Returns: * if success: (True, None) * if error: (False, reason)
- is_valid_network_response_code(code, task)[source]¶
Answer the question: if the response could be handled via usual task handler or the task failed and should be processed as error.
- load_proxylist(source, source_type=None, proxy_type='http', auto_init=True, auto_change=True)[source]¶
Load proxy list.
- Parameters
source – Proxy source. Accepts string (file path, url) or
BaseProxySourceinstance.source_type – The type of the specified source. Should be one of the following: ‘text_file’ or ‘url’.
proxy_type – Should be one of the following: ‘socks4’, ‘socks5’ or’http’.
auto_change – If set to True then automatical random proxy rotation will be used.
- Proxy source format should be one of the following (for each line):
ip:port
ip:port:login:password
- prepare()[source]¶
You can do additional spider customization here before it has started working.

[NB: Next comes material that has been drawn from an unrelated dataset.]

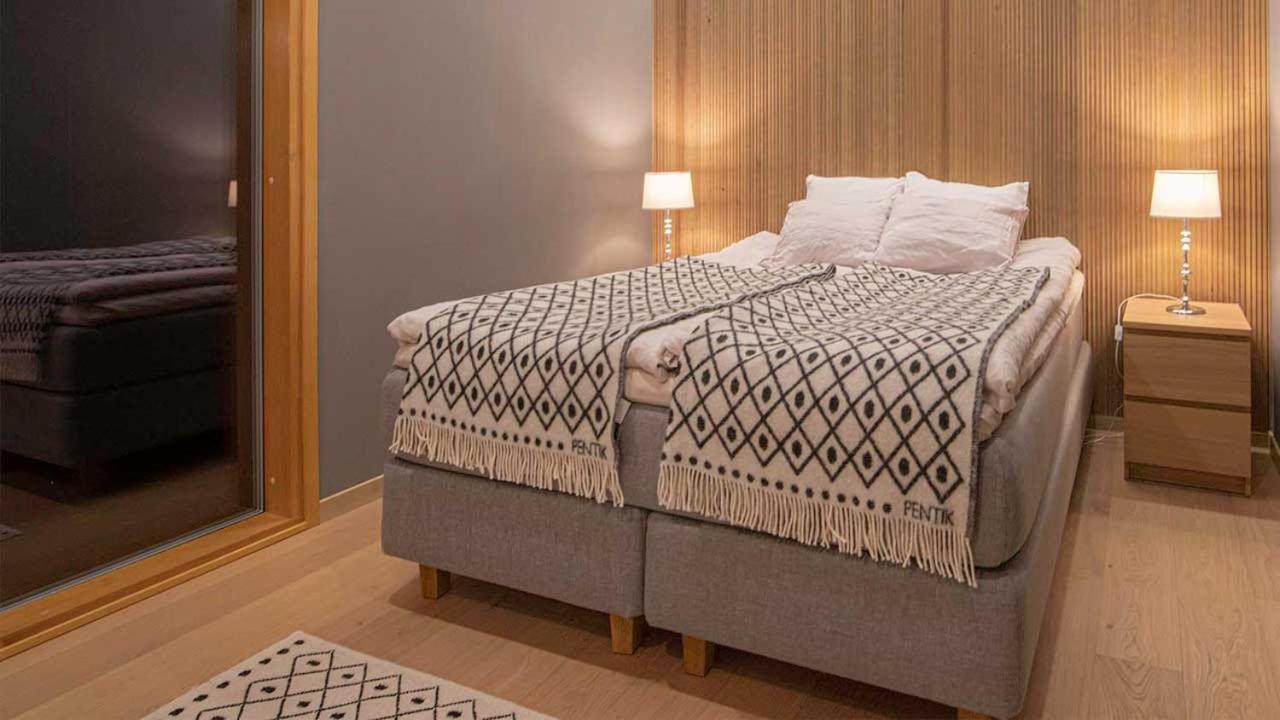 Hotel Aurora Collection Saariselkä Zewnętrze zdjęcie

Simply redefine this method in your Spider class.
- process_next_page(grab, task, xpath, resolve_base=False, **kwargs)[source]¶
Generate task for next page.
- Parameters
grab – Grab instance
task – Task object which should be assigned to next page url
xpath – xpath expression which calculates list of URLS
**kwargs – extra settings for new task object
Example:
self.follow_links(grab, 'topic', '//div[@class="topic"]/a/@href')
- setup_queue(backend='memory', **kwargs)[source]¶
Setup queue.
- Parameters
backend – Backend name Should be one of the following: ‘memory’, ‘redis’ or ‘mongo’.
kwargs – Additional credentials for backend.
- shutdown()[source]¶
You can override this method to do some final actions after parsing has been done.
- stop()[source]¶
This method set internal flag which signal spider to stop processing new task and shuts down.